Não obstante a importância da rádio na vida dos portugueses, a verdade é que nem sempre essa importância
é reconhecida pela legislação em vigor.
Um dos casos em que isso sucede é o facto de o Decreto-Lei n.º 132/2012, de 27 de junho, continuar a não
prever a representação das associações representativas do setor da rádio na secção dos direitos de autor e
direitos conexos do Conselho Nacional de Cultura, não obstante de, em 2017, a Resolução da Assembleia da
República n.º 184/2017, aprovada por unanimidade ter recomendado ao Governo uma alteração desta
composição.
Desta forma e procurando pôr termo a situações em que a valorização do setor da rádio não está plenamente
assegurada pela legislação em vigor, com a presente iniciativa o PAN propõe uma alteração no âmbito do
Decreto-Lei n.º 132/2012, de 27 de junho, no sentido de garantir a inclusão de um representante das associações
representativas do setor da rádio na secção dos direitos de autor e direitos conexos do Conselho Nacional de
Cultura.

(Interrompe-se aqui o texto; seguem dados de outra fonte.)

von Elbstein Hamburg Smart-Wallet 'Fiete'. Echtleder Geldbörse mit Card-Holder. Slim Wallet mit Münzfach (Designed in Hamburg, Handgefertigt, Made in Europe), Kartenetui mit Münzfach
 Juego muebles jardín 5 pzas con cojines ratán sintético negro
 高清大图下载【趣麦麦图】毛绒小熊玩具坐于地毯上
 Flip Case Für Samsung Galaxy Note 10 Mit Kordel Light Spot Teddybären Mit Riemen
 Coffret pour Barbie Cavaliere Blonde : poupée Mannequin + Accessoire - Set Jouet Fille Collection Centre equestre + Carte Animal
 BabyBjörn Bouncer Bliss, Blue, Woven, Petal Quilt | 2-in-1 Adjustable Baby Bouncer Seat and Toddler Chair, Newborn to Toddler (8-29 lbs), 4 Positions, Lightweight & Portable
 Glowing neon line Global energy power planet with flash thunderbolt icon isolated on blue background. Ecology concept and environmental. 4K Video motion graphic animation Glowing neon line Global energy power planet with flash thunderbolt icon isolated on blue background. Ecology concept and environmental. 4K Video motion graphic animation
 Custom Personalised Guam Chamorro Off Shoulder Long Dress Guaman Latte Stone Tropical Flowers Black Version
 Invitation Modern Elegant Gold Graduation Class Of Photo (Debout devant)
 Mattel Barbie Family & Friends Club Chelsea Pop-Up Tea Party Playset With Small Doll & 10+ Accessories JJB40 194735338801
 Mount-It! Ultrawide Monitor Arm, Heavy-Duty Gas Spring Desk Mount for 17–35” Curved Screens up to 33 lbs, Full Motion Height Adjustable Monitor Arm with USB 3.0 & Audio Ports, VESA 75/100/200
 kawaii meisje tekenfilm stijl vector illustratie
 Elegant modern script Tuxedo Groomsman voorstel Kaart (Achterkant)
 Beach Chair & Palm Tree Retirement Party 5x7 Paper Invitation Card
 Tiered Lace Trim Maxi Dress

Aproveita-se a oportunidade para suprimir a representação do Gabinete para os Meios de Comunicação
Social que já não existe e para retirar a representação do Ministério da Justiça visto que atualmente o registo
dos meios de comunicação social está atribuído à ERC (e não ao Ministério da Justiça) – propondo-se que essa
representação passe a ser conferida à entidade com competências no domínio do registo de meios de
comunicação social. Na já referida Deliberação ERC/2022/302, de 2022, a Entidade Reguladora para a
Comunicação Social qualificou como «muito positiva».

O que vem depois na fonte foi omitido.